“IVF Holiday”: Contradictions of Patient Care Abroad

Amy Speier


This paper considers North American patient contradictory experiences in traveling to the Czech Republic for assisted reproduction. Feminist scholars have discussed how reproductive technologies involve contradictions for patients. Although they off er women new opportunities, they also constrain women via medicalization. Most perniciously, these “hope technologies” (Franklin 1997) compel women to keep seeking more treatment. I argue that the global terrain of reproductive travel only exacerbates the contradictions of these “global assemblages” (Ong and Collier 2005) – the movement of reproductive technologies around the world - for patients.

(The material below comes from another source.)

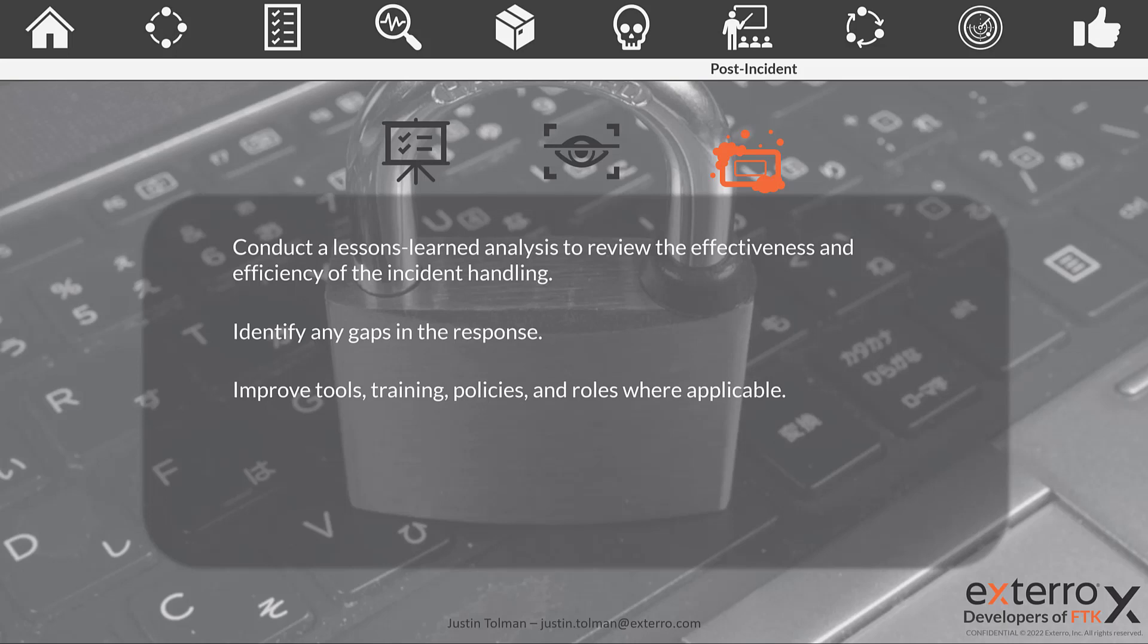Hopefully we can stop it sooner, prevent as much loss as possible. We want to identify any gaps in our response. If necessary, we need to improve our tools, our training, any policies, and maybe we need to modify roles or add roles.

The contradiction of medical holiday more broadly construed involves even further complications as women try to embody positive thinking by taking a holiday. However, it is clear that there are decisive breaks in the vacation couples experience, when the reality of infertility treatment and clinic visits interrupt their European vacation. In addition, the high cost of the trip pressures women to have a successful treatment. They internalize the lay-medical admonitions that they must not be stressed when undergoing treatment, and claim they try to be “zen”, a metaphor for New Age ideology and positive thinking, about the treatment. Inevitably, the experience of infertility treatment abroad is empowering for North Americans whereby patients feel agency as consumers within a neoliberal framework of healthcare, yet also disempowering
when patients embrace an etiology of self-managed patient-care.